We have to come the point where we say alright, how do I put this into practice? It’s time to fight those hard, hard battles with our faults and failings.

In verse 21 of our scripture today it says, “ 21 Therefore, get rid of all moral filth and the evil that is so prevalent and humbly accept the word planted in you, which can save you.”

Get rid of the filth in your life. Clear it out. That’s what James writes. Clear out the evil, and humbly accept the word planted in you. Many of you here have that word planted in your heart. God is at work. You’re feeling drawn to pray, to study the Bible, and to come to church. You’re feeling a discomfort in your heart with things in your life that are wrong. There is an upset in your heart, in your stomach, and you can feel it. That is called “conviction. “ Conviction is when God’s Holy Spirit which lives in our body, is telling us something we do is wrong.

We feel it when we smoke a cigarette, or we feel it when we swear, or when we lie to someone, when we tell someone we’re here, and we’re actually somewhere else. Or when our friend leaves the room, we steal something off their counter top. Or when we use a drug, or get drunk, or when we masturbate, or sleep around with people. We feel dirty. We feel the sin. And the Holy Spirit whispers to us: “Don’t do that. Put that away.”

We have free will, we have the choice to either stop, or continue. That is a sacred gift from God. But I challenge you today, don’t just listen in church, then go out during the week and do whatever you want.

Sincerely try to live it out. Sincerely try to live like Jesus each week.

In the book of James it says, “23 Anyone who listens to the word but does not do what it says is like someone who looks at his face in a mirror 24 and, after looking at himself, goes away and immediately forgets what he looks like.”

So you’re starting your day, and you look in the mirror as you brush your teeth and get ready.
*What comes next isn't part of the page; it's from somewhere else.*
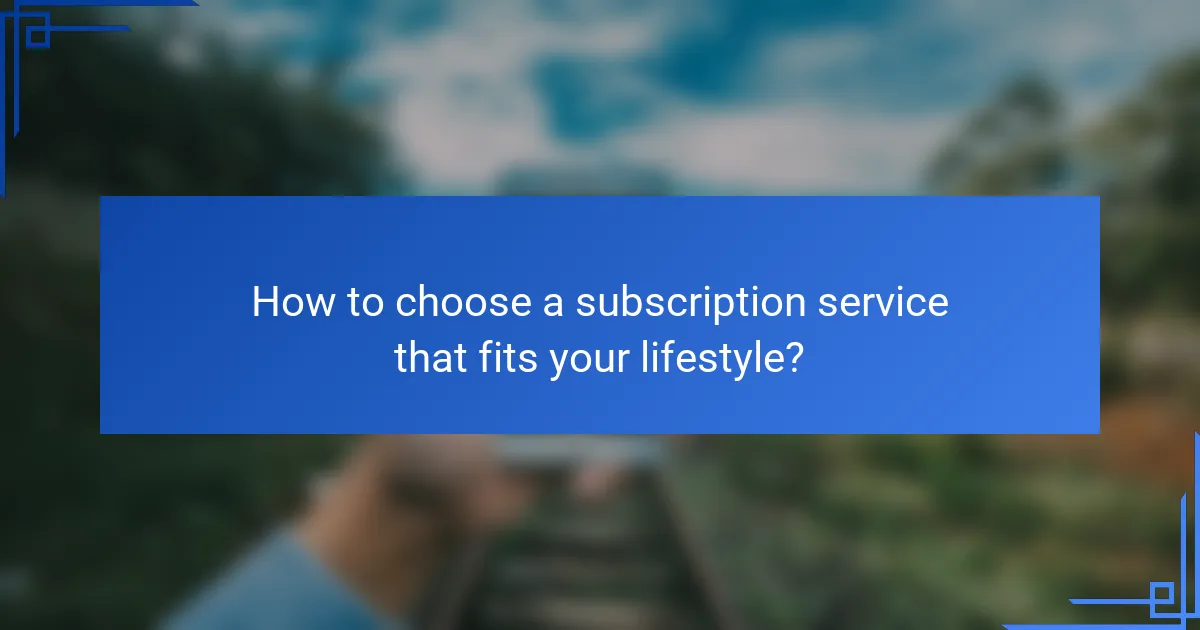 How to choose a subscription service that fits your lifestyle?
And you tell yourself, “I’m a Christian, a follower of Jesus.” But then as you jump into your daily routine, you immediately forget that you’re a Christian.
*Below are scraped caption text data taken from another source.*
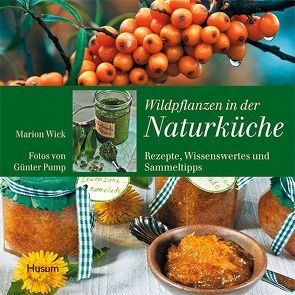 Wildpflanzen in der Naturküche von Wick,  Marion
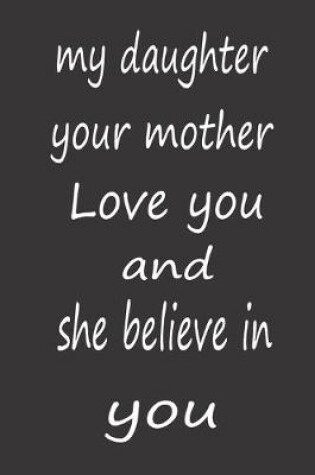 Cover of My Daughter Your Mother Love You and She Believe in You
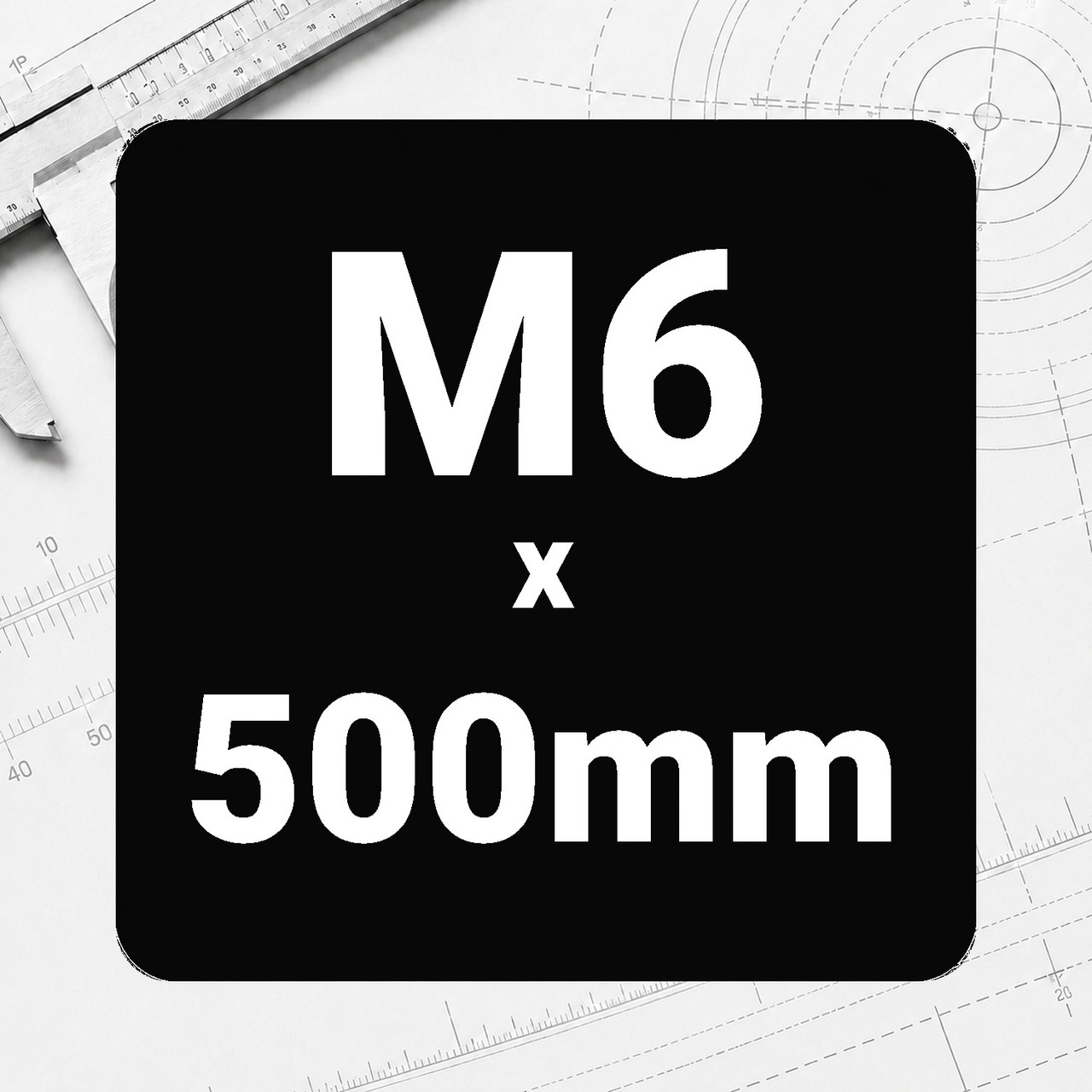 M6 x 500mm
You live selfishly. You lie. You steal. You gossip and slander people. You spread rumors. You yell at someone. You curse and yell at God.

You’ve forgotten who you are. You’re a Christian. How can we transfer this head knowledge, this Bible truth into our real everyday lives.

We can do that. By praying through the day, by whispering prayers in our minds during the day. We can do that by remembering the words of the Bible and storing them in our minds.

And pretty soon we will be swearing less, we will be less selfish and helping others more, we’ll be lying less, we’ll be gossiping less, and pretty soon those things will vanish entirely. But we have to remember who we are.

I am a Christian. Say it with me. I am a Christian.

So if we remember our face in the mirror, that I follow Jesus, then James says, “. 25 But whoever looks intently into the perfect law that gives freedom, and continues in it—not forgetting what they have heard, but doing it—they will be blessed in what they do.”